Trump pardons ex-Rep. Stephen Buyer, convicted of insider trading, after GOP lobbying campaign
On June 4, 2026, President Donald Trump granted a "full, complete, and unconditional" pardon to Stephen Buyer, a former Republican congressman from Indiana convicted in 2023 of securities fraud for two insider-trading schemes, sentenced to 22 months, and ordered to forfeit more than $350,000. The proclamation cites the "advice and recommendation" of more than 50 current and former Republican members of Congress, whose letters — which Trump amplified on Truth Social on May 31 — cast the jury conviction as Biden-administration "lawfare" against a "deep state" target.

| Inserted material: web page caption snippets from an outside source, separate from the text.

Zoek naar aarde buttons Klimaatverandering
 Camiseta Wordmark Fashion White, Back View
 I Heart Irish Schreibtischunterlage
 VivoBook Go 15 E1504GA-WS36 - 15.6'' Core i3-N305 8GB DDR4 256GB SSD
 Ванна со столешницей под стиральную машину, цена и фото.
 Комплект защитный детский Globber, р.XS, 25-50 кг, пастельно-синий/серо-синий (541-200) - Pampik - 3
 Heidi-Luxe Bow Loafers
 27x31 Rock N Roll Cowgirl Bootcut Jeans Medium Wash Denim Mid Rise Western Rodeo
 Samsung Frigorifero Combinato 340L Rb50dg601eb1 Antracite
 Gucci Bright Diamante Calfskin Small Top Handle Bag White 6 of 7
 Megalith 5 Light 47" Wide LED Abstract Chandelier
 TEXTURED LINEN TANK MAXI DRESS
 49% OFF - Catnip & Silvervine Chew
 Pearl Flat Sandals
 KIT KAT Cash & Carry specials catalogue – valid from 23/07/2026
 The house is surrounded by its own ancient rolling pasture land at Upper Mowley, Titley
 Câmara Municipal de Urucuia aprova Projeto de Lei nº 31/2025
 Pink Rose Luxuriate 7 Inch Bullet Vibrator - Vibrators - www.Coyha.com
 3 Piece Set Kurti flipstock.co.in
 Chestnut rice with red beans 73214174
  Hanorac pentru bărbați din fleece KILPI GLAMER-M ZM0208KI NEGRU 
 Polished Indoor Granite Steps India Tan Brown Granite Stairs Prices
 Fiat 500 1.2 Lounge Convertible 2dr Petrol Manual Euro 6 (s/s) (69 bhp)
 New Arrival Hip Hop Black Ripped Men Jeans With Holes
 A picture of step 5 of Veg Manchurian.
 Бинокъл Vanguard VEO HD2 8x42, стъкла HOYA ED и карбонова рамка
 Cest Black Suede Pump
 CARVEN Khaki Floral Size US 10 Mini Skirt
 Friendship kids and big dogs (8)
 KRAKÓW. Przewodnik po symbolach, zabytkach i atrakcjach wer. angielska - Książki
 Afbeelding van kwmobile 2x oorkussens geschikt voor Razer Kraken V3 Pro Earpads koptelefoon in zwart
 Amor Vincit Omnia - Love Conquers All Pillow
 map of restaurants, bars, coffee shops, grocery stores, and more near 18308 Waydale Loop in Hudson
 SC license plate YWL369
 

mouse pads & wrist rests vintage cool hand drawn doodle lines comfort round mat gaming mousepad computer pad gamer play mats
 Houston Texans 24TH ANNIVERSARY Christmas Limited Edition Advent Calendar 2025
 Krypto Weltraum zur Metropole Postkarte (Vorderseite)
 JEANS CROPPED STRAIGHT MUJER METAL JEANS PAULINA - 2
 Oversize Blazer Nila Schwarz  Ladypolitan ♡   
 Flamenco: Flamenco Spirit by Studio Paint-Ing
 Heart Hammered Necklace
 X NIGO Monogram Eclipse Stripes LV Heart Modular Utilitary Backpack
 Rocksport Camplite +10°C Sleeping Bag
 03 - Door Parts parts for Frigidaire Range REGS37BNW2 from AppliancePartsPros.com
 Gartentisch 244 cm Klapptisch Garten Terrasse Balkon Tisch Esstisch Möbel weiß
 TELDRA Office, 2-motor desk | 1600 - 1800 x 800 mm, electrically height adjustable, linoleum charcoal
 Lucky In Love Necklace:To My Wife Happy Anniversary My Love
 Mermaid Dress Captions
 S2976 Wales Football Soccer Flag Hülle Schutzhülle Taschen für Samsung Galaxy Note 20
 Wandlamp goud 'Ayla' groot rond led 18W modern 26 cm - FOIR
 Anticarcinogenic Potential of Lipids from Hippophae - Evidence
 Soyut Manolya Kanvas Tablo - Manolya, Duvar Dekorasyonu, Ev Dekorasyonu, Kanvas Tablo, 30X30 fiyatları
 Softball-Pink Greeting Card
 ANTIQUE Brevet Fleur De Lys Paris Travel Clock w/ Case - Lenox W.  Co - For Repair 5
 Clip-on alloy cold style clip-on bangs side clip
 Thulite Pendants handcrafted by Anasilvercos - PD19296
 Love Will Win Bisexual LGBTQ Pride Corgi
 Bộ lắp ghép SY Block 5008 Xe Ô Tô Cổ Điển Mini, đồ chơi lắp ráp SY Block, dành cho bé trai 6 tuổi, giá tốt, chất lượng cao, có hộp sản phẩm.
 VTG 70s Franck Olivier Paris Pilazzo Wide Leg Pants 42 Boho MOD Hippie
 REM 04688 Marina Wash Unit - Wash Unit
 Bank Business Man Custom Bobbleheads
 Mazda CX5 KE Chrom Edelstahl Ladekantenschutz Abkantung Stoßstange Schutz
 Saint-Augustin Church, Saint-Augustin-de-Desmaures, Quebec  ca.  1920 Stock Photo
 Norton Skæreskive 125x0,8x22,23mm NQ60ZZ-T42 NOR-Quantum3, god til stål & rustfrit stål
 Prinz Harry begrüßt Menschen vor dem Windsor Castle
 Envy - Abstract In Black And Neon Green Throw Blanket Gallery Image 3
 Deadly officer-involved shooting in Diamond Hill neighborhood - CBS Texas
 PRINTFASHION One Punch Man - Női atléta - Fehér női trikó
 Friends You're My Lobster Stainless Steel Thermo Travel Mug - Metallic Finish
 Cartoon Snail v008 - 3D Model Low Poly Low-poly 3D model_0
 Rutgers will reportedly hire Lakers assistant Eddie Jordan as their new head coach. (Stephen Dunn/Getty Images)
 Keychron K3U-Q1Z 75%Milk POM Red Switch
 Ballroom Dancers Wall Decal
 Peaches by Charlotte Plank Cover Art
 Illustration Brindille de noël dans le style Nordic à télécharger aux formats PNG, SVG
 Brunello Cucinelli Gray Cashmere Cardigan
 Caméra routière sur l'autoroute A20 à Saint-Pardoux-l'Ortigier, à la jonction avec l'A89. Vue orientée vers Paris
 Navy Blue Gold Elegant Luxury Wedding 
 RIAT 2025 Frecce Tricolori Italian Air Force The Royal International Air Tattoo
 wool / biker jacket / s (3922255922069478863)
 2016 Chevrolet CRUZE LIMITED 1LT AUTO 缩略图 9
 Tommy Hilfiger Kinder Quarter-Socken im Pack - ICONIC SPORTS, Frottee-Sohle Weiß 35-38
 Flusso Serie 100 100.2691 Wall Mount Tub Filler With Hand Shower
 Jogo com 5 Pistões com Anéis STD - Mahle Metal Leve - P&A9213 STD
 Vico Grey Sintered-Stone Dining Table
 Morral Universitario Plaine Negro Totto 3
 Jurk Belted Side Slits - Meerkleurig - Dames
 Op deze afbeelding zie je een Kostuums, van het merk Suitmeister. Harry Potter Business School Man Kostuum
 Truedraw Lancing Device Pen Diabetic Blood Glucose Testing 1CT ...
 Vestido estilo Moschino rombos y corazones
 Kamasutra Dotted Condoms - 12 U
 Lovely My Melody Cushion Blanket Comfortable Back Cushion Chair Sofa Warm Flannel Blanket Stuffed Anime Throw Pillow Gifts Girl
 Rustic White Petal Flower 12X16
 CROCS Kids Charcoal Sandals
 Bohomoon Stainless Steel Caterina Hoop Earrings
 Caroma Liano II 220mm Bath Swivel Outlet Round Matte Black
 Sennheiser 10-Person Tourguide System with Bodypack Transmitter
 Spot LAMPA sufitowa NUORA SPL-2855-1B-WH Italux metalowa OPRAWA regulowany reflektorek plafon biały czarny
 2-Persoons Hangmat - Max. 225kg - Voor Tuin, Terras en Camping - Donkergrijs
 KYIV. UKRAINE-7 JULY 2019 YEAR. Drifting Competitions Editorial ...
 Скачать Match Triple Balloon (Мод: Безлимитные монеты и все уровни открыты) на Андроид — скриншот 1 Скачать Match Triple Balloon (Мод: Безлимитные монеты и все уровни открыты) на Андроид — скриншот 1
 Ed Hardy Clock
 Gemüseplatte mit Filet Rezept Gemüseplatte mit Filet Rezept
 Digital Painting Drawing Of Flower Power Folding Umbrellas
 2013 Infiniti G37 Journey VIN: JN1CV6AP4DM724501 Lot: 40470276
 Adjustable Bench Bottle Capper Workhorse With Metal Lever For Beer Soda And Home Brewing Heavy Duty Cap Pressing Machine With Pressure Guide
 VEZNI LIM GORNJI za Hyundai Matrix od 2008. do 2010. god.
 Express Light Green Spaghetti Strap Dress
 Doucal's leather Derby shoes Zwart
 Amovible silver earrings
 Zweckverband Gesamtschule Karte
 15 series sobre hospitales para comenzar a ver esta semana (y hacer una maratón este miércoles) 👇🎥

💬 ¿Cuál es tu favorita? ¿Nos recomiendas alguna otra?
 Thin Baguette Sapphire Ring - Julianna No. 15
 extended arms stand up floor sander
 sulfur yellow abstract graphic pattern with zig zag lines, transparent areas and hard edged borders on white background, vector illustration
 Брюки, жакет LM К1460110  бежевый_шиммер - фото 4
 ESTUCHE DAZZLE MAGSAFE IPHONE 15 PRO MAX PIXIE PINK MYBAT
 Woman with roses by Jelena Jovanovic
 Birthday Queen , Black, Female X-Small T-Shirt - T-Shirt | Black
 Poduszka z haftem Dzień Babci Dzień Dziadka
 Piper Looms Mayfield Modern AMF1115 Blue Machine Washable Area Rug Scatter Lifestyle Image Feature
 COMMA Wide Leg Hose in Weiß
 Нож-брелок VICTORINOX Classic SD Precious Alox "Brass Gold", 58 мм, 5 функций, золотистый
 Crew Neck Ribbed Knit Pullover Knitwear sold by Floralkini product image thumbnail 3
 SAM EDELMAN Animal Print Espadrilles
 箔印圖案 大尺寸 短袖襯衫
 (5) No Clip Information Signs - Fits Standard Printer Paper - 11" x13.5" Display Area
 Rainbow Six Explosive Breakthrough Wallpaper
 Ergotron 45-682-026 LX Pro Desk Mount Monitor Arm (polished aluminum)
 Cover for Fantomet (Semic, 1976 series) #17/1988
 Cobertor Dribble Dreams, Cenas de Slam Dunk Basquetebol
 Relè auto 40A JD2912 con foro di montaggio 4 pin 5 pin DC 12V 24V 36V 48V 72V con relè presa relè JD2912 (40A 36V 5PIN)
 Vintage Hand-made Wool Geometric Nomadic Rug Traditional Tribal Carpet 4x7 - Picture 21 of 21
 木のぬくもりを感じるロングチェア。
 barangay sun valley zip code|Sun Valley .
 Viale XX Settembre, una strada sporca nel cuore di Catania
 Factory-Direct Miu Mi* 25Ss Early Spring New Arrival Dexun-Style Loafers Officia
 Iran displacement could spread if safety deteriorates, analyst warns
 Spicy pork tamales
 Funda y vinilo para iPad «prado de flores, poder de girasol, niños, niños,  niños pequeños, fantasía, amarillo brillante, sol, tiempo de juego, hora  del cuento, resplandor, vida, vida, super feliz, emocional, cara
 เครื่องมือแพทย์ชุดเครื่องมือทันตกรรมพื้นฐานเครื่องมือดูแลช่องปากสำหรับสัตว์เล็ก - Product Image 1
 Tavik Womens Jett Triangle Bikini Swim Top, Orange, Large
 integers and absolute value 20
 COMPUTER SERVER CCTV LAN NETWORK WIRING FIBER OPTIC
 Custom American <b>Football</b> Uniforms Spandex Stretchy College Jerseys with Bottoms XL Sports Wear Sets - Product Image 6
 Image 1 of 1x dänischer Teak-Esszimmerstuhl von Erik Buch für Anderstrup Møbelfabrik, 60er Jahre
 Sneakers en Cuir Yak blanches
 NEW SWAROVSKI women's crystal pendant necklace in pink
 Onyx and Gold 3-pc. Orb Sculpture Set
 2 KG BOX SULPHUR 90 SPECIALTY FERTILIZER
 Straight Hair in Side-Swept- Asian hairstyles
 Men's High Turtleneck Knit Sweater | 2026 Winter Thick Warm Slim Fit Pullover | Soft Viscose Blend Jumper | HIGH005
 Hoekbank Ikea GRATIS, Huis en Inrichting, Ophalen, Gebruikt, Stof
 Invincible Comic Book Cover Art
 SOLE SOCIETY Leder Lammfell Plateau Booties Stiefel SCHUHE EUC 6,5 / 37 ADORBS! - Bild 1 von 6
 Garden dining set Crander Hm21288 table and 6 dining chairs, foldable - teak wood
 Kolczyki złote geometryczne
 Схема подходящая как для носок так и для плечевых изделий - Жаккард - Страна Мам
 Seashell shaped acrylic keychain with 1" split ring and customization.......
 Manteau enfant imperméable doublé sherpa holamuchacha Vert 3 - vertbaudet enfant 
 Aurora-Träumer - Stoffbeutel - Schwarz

DOJ order bars IRS from auditing Trump, his family, and their businesses for prior tax returns
On May 19, 2026, the U.S. Department of Justice filed a one-page order, signed by Acting Attorney General Todd Blanche and not co-signed by the IRS, declaring the federal government "forever barred and precluded" from pursuing tax examinations of President Donald Trump, his relatives, trusts, and businesses for returns filed before the underlying settlement's effective date. The order expanded the previously announced $1.776 billion "Anti-Weaponization Fund" settlement — under which Trump and his adult sons dropped a $10 billion lawsuit against the IRS — and effectively forecloses a long-running audit that, per earlier reporting, could have produced an IRS bill exceeding $100 million. The DOJ later said the bar applies only to existing audits, not to returns Trump files in the future.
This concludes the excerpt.